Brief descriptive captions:
'''

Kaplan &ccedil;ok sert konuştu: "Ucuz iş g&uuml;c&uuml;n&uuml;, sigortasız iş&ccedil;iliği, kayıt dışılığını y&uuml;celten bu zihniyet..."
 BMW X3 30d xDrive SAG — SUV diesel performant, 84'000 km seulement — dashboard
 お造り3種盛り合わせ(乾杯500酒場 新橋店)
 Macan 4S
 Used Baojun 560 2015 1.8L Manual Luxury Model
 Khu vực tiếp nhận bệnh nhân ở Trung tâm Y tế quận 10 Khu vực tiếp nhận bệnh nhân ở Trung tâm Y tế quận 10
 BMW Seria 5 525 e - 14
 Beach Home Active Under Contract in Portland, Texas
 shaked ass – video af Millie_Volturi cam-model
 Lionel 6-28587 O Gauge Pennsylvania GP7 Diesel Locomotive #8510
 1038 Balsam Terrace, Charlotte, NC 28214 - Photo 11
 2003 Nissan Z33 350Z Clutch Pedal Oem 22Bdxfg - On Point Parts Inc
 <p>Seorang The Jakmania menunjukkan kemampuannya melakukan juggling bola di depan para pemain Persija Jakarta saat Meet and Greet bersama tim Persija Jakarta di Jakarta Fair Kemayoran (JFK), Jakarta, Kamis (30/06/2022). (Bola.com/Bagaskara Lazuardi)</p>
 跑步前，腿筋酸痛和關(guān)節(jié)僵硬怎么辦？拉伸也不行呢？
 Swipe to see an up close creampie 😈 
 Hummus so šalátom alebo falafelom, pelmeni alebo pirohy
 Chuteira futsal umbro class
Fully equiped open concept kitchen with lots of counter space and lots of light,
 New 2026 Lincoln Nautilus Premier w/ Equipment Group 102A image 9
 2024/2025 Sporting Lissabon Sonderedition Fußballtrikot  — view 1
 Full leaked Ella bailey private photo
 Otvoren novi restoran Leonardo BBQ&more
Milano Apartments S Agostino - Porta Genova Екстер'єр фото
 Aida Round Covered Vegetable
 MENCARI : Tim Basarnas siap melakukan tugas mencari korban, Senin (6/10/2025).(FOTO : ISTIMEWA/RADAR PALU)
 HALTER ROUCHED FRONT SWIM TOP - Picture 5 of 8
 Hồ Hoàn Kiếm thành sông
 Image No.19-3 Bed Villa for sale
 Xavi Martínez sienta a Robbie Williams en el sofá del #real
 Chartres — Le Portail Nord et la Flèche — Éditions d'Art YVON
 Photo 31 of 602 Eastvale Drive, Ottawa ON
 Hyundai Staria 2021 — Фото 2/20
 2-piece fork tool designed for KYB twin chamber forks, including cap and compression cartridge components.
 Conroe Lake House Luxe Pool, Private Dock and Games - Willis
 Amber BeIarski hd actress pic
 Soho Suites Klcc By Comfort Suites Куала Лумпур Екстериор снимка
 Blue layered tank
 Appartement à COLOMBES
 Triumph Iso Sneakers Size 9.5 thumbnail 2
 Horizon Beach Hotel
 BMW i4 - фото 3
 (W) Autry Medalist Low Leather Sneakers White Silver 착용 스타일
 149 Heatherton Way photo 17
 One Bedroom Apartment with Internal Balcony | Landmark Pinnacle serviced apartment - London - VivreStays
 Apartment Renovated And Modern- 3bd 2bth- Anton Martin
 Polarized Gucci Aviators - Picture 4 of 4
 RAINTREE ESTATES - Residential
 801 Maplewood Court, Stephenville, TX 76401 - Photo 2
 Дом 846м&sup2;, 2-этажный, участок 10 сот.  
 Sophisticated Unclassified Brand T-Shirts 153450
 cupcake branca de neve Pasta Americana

'''

### [TASK INSTRUCTIONS]
Transcribe each record exactly. Leave nothing out.

### [RESPONSE AREA]
Kaplan &ccedil;ok sert konuştu: "Ucuz iş g&uuml;c&uuml;n&uuml;, sigortasız iş&ccedil;iliği, kayıt dışılığını y&uuml;celten bu zihniyet..."
 BMW X3 30d xDrive SAG — SUV diesel performant, 84'000 km seulement — dashboard
 お造り3種盛り合わせ(乾杯500酒場 新橋店)
 Macan 4S
 Used Baojun 560 2015 1.8L Manual Luxury Model
 Khu vực tiếp nhận bệnh nhân ở Trung tâm Y tế quận 10 Khu vực tiếp nhận bệnh nhân ở Trung tâm Y tế quận 10
 BMW Seria 5 525 e - 14
 Beach Home Active Under Contract in Portland, Texas
 shaked ass – video af Millie_Volturi cam-model
 Lionel 6-28587 O Gauge Pennsylvania GP7 Diesel Locomotive #8510
 1038 Balsam Terrace, Charlotte, NC 28214 - Photo 11
 2003 Nissan Z33 350Z Clutch Pedal Oem 22Bdxfg - On Point Parts Inc
 <p>Seorang The Jakmania menunjukkan kemampuannya melakukan juggling bola di depan para pemain Persija Jakarta saat Meet and Greet bersama tim Persija Jakarta di Jakarta Fair Kemayoran (JFK), Jakarta, Kamis (30/06/2022). (Bola.com/Bagaskara Lazuardi)</p>
 跑步前，腿筋酸痛和關(guān)節(jié)僵硬怎么辦？拉伸也不行呢？
 Swipe to see an up close creampie 😈 
 Hummus so šalátom alebo falafelom, pelmeni alebo pirohy
 Chuteira futsal umbro class
Fully equiped open concept kitchen with lots of counter space and lots of light,
 New 2026 Lincoln Nautilus Premier w/ Equipment Group 102A image 9
 2024/2025 Sporting Lissabon Sonderedition Fußballtrikot  — view 1
 Full leaked Ella bailey private photo
 Otvoren novi restoran Leonardo BBQ&more
Milano Apartments S Agostino - Porta Genova Екстер'єр фото
 Aida Round Covered Vegetable
 MENCARI : Tim Basarnas siap melakukan tugas mencari korban, Senin (6/10/2025).(FOTO : ISTIMEWA/RADAR PALU)
 HALTER ROUCHED FRONT SWIM TOP - Picture 5 of 8
 Hồ Hoàn Kiếm thành sông
 Image No.19-3 Bed Villa for sale
 Xavi Martínez sienta a Robbie Williams en el sofá del #real
 Chartres — Le Portail Nord et la Flèche — Éditions d'Art YVON
 Photo 31 of 602 Eastvale Drive, Ottawa ON
 Hyundai Staria 2021 — Фото 2/20
 2-piece fork tool designed for KYB twin chamber forks, including cap and compression cartridge components.
 Conroe Lake House Luxe Pool, Private Dock and Games - Willis
 Amber BeIarski hd actress pic
 Soho Suites Klcc By Comfort Suites Куала Лумпур Екстериор снимка
 Blue layered tank
 Appartement à COLOMBES
 Triumph Iso Sneakers Size 9.5 thumbnail 2
 Horizon Beach Hotel
 BMW i4 - фото 3
 (W) Autry Medalist Low Leather Sneakers White Silver 착용 스타일
 149 Heatherton Way photo 17
 One Bedroom Apartment with Internal Balcony | Landmark Pinnacle serviced apartment - London - VivreStays
 Apartment Renovated And Modern- 3bd 2bth- Anton Martin
 Polarized Gucci Aviators - Picture 4 of 4
 RAINTREE ESTATES - Residential
 801 Maplewood Court, Stephenville, TX 76401 - Photo 2
 Дом 846м&sup2;, 2-этажный, участок 10 сот.  
 Sophisticated Unclassified Brand T-Shirts 153450
 cupcake branca de neve Pasta Americana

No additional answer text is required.